Franchisee's Fraud Claim Does Not Bar Entry of Preliminary Trademark Injunction
Posted in Trademarks

In Jay Bharat Developers, Inc. v. Minidis, 2008 WL 4173626 (Cal. App. 2 Dist. Sept. 11, 2008), the California Court of Appeals this month upheld the trial court’s entry of a preliminary injunction prohibiting a former master franchisee of the Red Brick Pizza franchise system from continuing to display the franchisor’s trademarks after the termination of its franchise rights. The master franchisee sued Red Brick Pizza’s co-founders, alleging that those individuals had fraudulently induced the franchisee to enter its franchise agreement. While that action was pending, Red Brick Pizza terminated the plaintiff’s master franchise agreement due to the failure to pay fees owed thereunder. When the franchisee continued to display Red Brick Pizza’s trademarks and otherwise disregarded its post-termination obligations, Red Brick Pizza sought a preliminary injunction against the franchisee. The trial court granted that injunction.

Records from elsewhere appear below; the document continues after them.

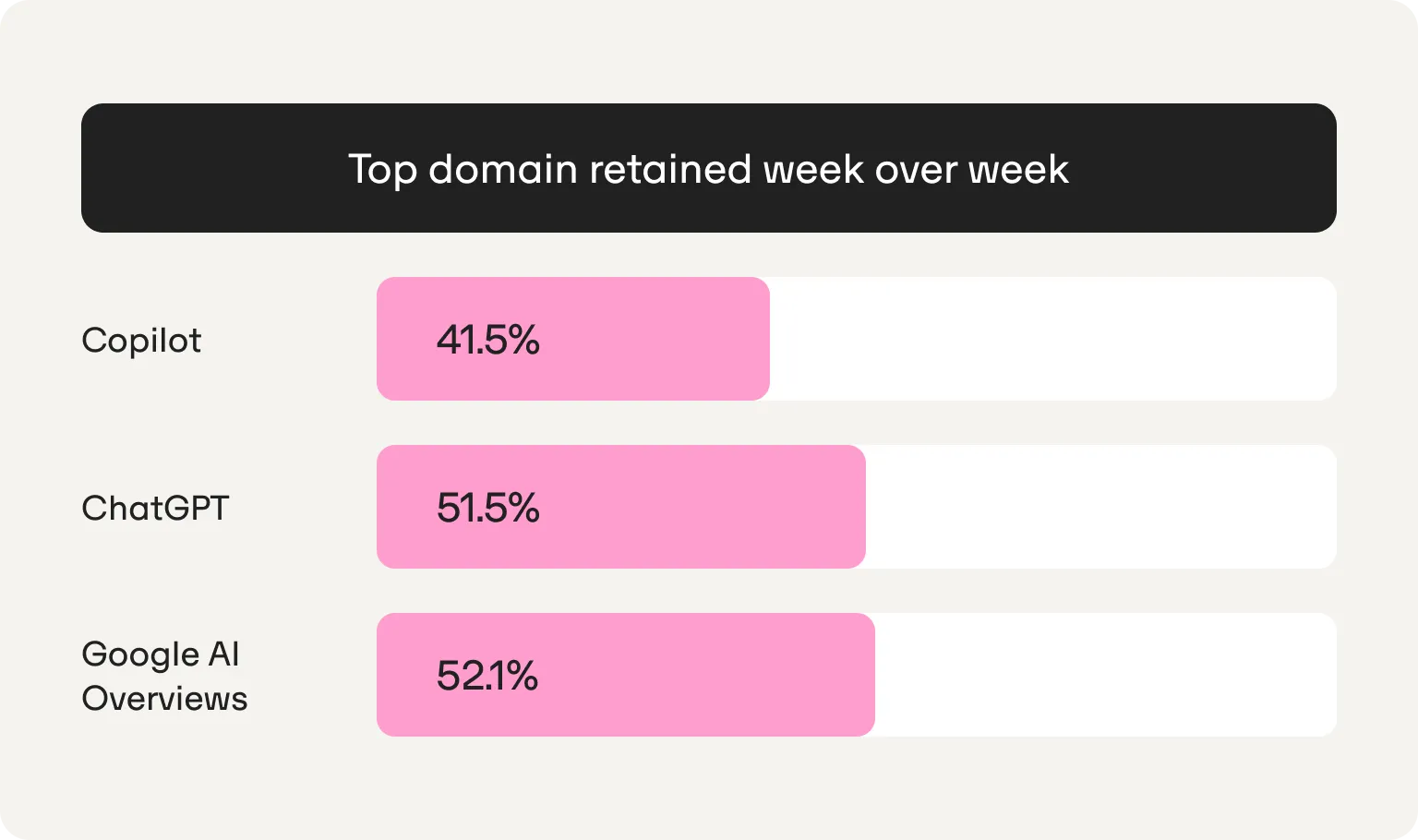 top domain retention wow in different llms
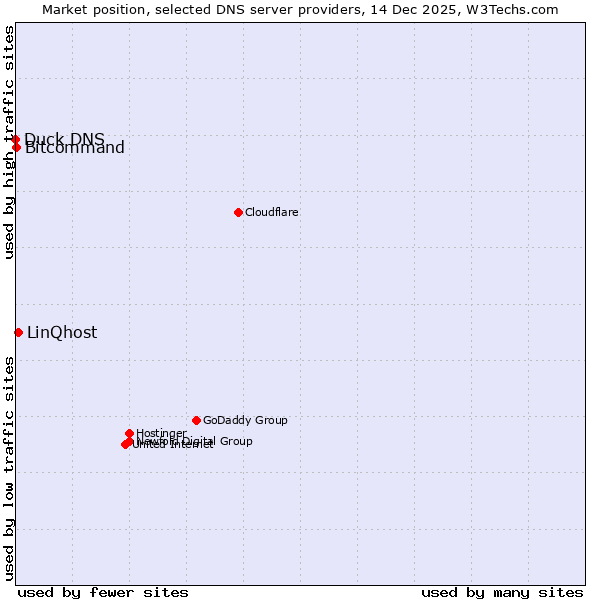 Market position of LinQhost vs. Bitcommand vs. Duck DNS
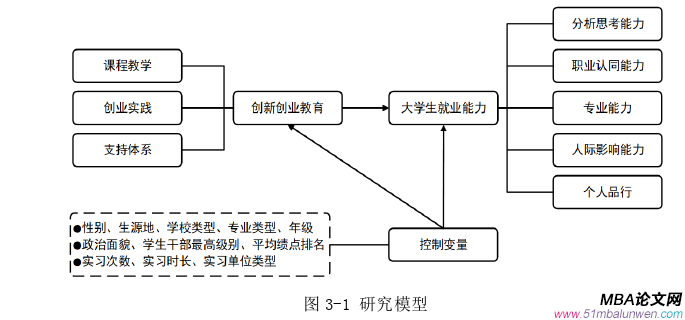 創業管理論文怎么寫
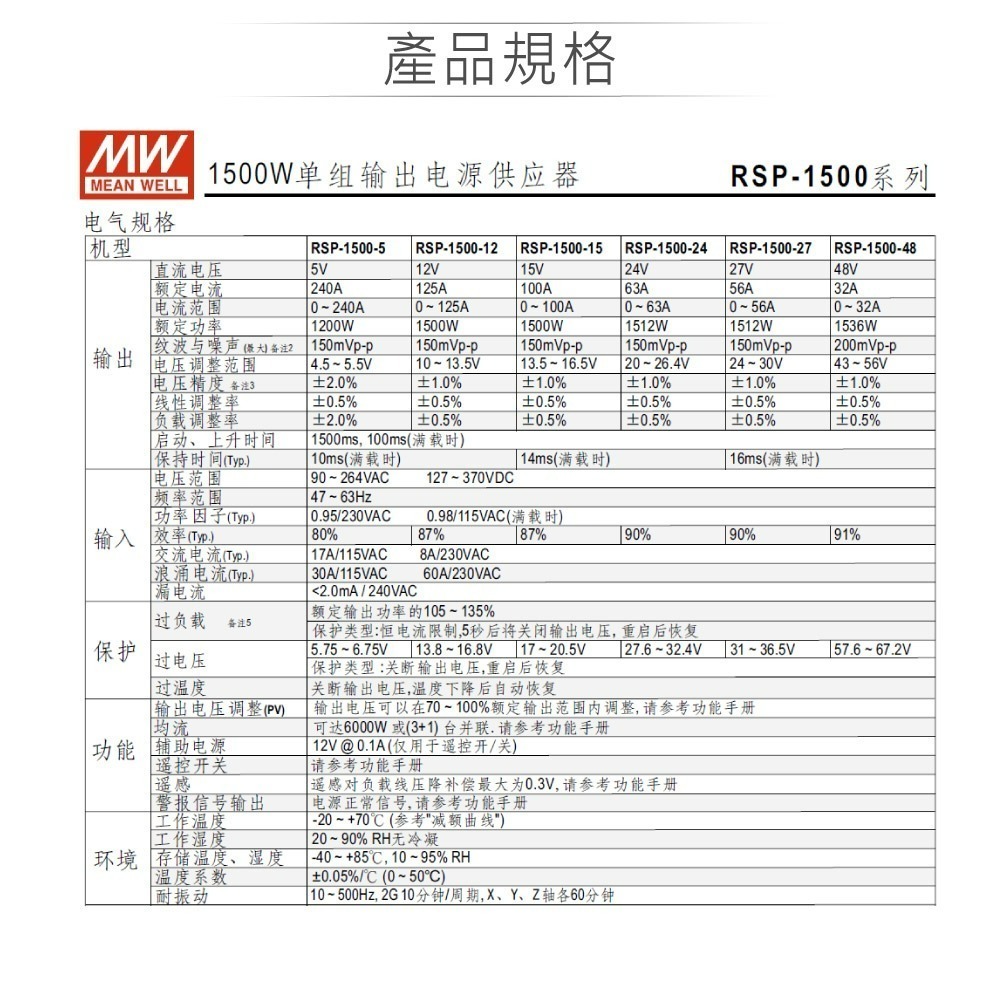 聯騰．MW 明緯 RSP-1500 系列｜1500W 單組輸出・機殼型・主動式 PFC・全電壓輸入・工業電源-細節圖3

On appeal, the franchisee argued that the franchisor could not show the required likelihood of success on the merits of its claim, as the franchisee had alleged that the franchise agreement itself was induced by fraud. The court of appeals rejected that argument, finding that the franchisor had presented ample evidence that the franchisee had breached its franchise agreement by failing to pay required fees. The court noted that if the franchisee believed the franchisor had breached the franchise agreement, it was required to elect either to treat the contract as abandoned or continue performing and sue for damages. What the franchisee could not do was stop performing under its contract yet continue to accept the benefits of that contract. Finding that the franchisee had continued to operate its business under the Red Brick Pizza trademarks without paying any of the fees owed under the franchise agreement, the court concluded that the franchisee had not properly elected a remedy for the fraud it claimed. Thus, even if the franchisee had been able to prove its fraud claim, that claim would have entitled it to recover only monetary damages, not to continue using the franchisor’s trademarks.